Dit onderwerp werd (met meer tekst) in een artikel in Modelspoormagazine 44 gepubliceerd.
Voor het etsen had ik wat gereedschap nodig, zoals een etstank. Die zijn te koop voor 300 Euro en meer, maar zelfbouw bleek best mogelijk: Voor zo'n 100 Euro maakte ik een bak die niet moet onderdoen voor vele professionele toestellen. Maar misschien moet ik eerst uitleggen wat etsen nu eigenlijk inhoudt ...
Etsen, zoals
ik het hier bedoel, is het chemisch aantasten van een metaal. Zonder hier
een cursus chemie uit de doeken te willen doen, even een voorbeeldje:
stel dat je een stukje aluminiumfolie in bijvoorbeeld azijn zou leggen,
dan wordt dit na een tijdje ‘opgelost’ door het azijnzuur.
|
Het belichten gebeurt door middel van ultraviolet licht(1) De messingfolie(oranje, 4) met lichtgevoelige laag(blauw) zit tussen twee transparanten(grijs, 3) met de gedrukte zijde (zwart) naar de plaat toe. Het geheel zit ingeklemd tussen twee glasplaten(2) |
Na het belichten gaat de plaat in een ontwikkelvloeistof(1) Van de fotonegatiefgevoelige laag (3) is het blauwe belicht en blijft, het paarse deel verdwijnt onder invloed van de ontwikkelaar. De messingplaat(2) is nu een deel van zijn beschermlaag verloren. |
|
Na het ontwikkelen gaat de plaat in een etsvloeistof (1), waarbij de messingplaat met bescherming(3) intact blijft, terwijl het onbeschermde deel(2) wordt verteerd. |
Op de ontwerptekening kan je de constructie bekijken. De afmetingen (35x15x40
= LxBxH) zijn niet erg kritisch, de hoogte van het apparaat wel: die moet minstens
35cm zijn, en dit om het pompje te beschermen.
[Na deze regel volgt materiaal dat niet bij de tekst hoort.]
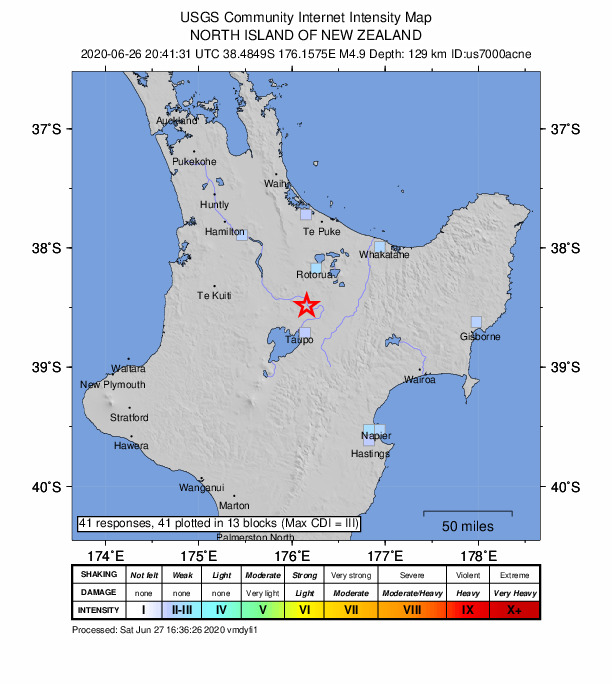 USGS DYFI community-reported intensity map for the M4.9 earthquake near 21 km NNE of Taupo, New Zealand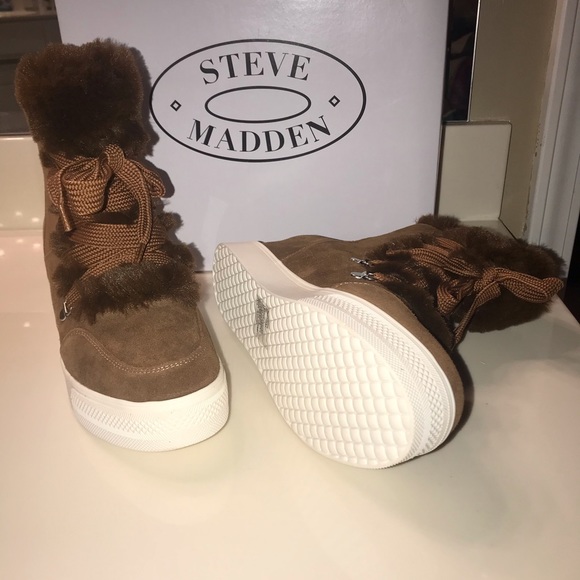 🆕 Steve Madden Wharton  Wedge Winter Laceup Boot 8.5 Chestnut - Picture 5 of 7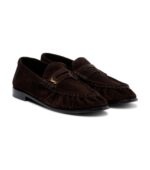 מוקסינים סן לורן – Saint Laurent Le Loafer Cassandre Suede Penny Loafers – Brown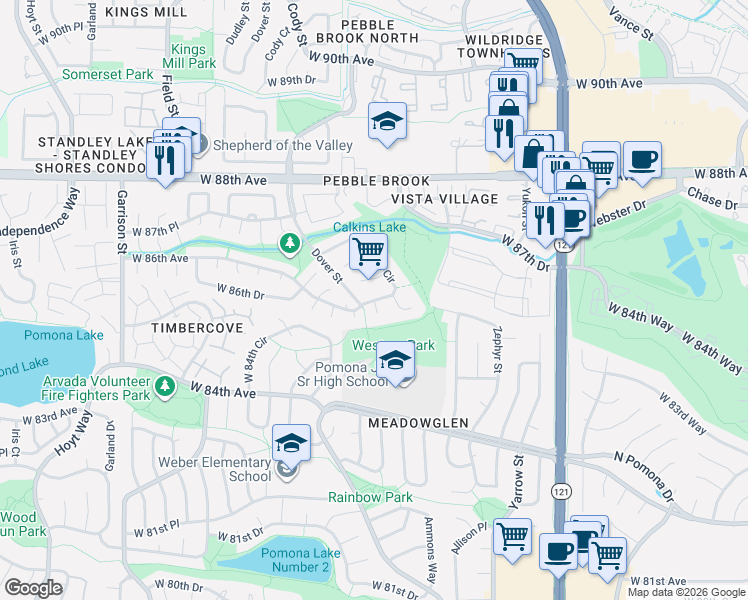 map of restaurants, bars, coffee shops, grocery stores, and more near 8577 Cody Court in Arvada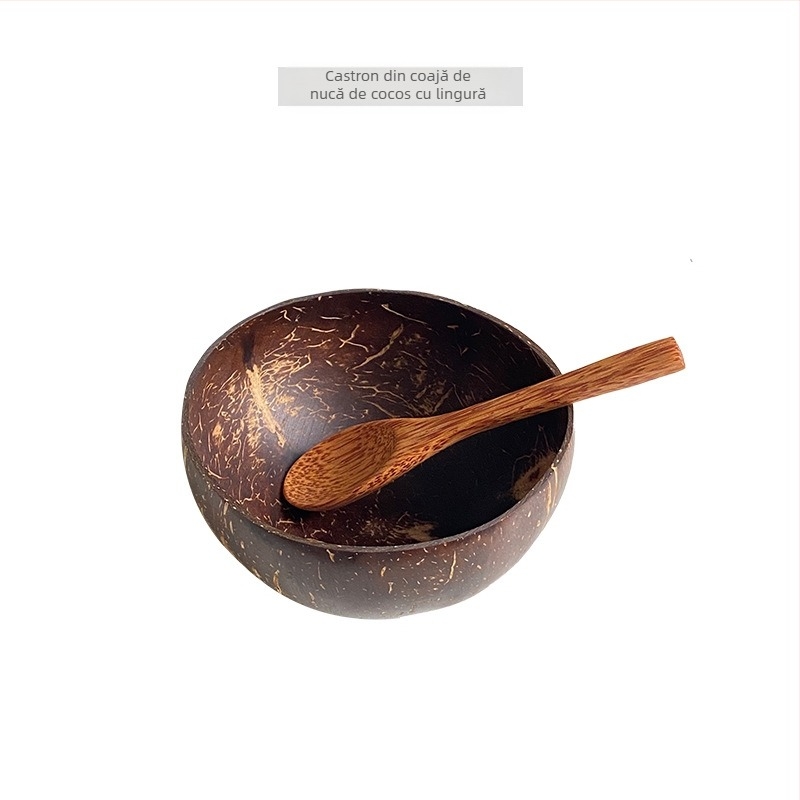 Bol natural din Vietnam Hainan vechi de coajă de nucă de cocos, veselă, bol de orez, desert, zahăr, apă, mic dejun, salată ușoară, bol de depozitare a fructelor
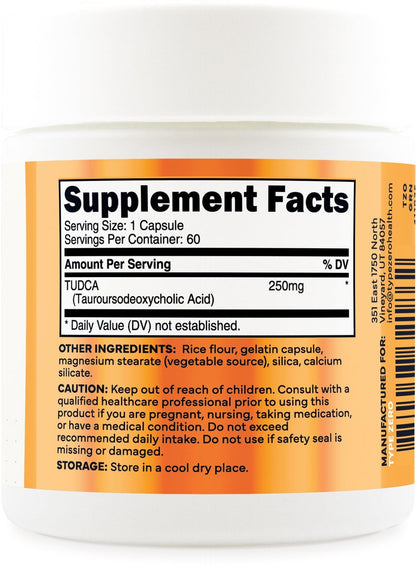 Type Zero Clean TUDCA Capsules 250mg - Pure Tauroursodeoxycholic Acid Supplement - Bile Salt Derivative - 60 Capsules, 60 Servings - Maple Wellness Supplements
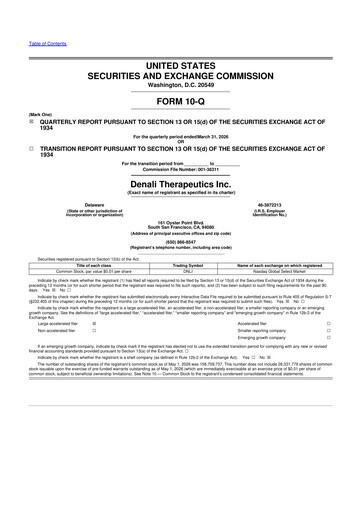 Thumbnail Denali Therapeutics
 10-Q Quarterly Report FY 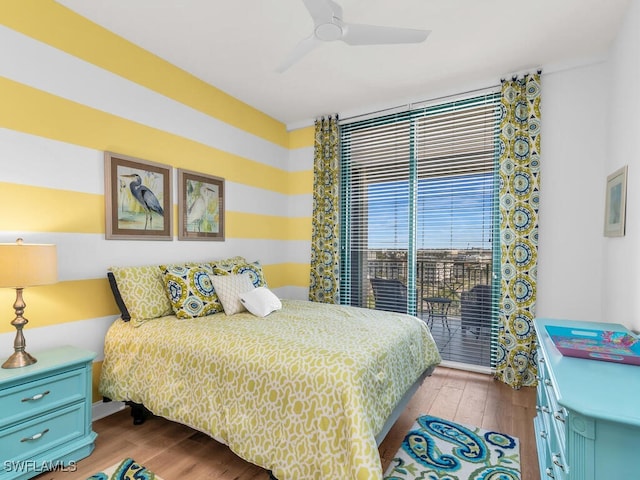 930 Cape Marco Dr Unit 806, Marco Island, FL 34145 - bedroom with access to outside, ceiling fan, and light hardwood / wood-style flooring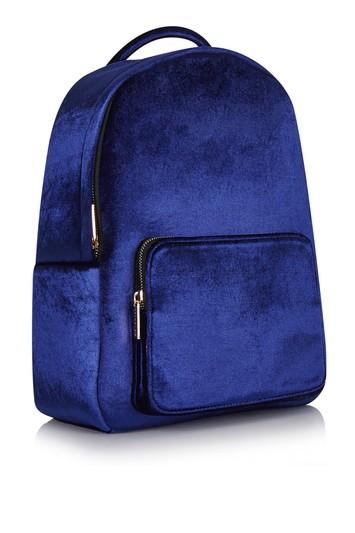 Topshop *navy Velvet Charlie Backpack By Skinnydip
Mijn apparaat heeft de volgende eigenschappen:
· 2 transparante, afneembare bakken voor elk een liter ontwikkelaar en
etsvloeistof
· verwarming voor de etsbak tot zo’n 50°C
· regelbare beluchting
· stevige, draagbare en veilige constructie
· ophangsysteem voor plaatjes van diverse afmetingen
· goedkoop (zo’n 100 Euro aan onderdelen)
De benodigde onderdelen:
We beginnen met de montage van de kast met lijm en schroeven. De voorwand wordt afneembaar en dus alleen geschroefd. In die voorwand worden gaten gemaakt voor de schakelaars, en voor de netdraad. Bovenop boor je een gat voor de luchtuitvoer, zijdelings één voor de draad van het verwarmingselement en tenslotte kan je al gaatjes boren voor het handvat. Het geheel kan je schilderen in een kleur naar keuze. Groene verf leek wel fotogeniek, vandaar. Kies echter geen wit, want hierop zie je geen gemorste producten. De verf is nodig om het hout te beschermen en het geheel onderhoudsvriendelijk te maken.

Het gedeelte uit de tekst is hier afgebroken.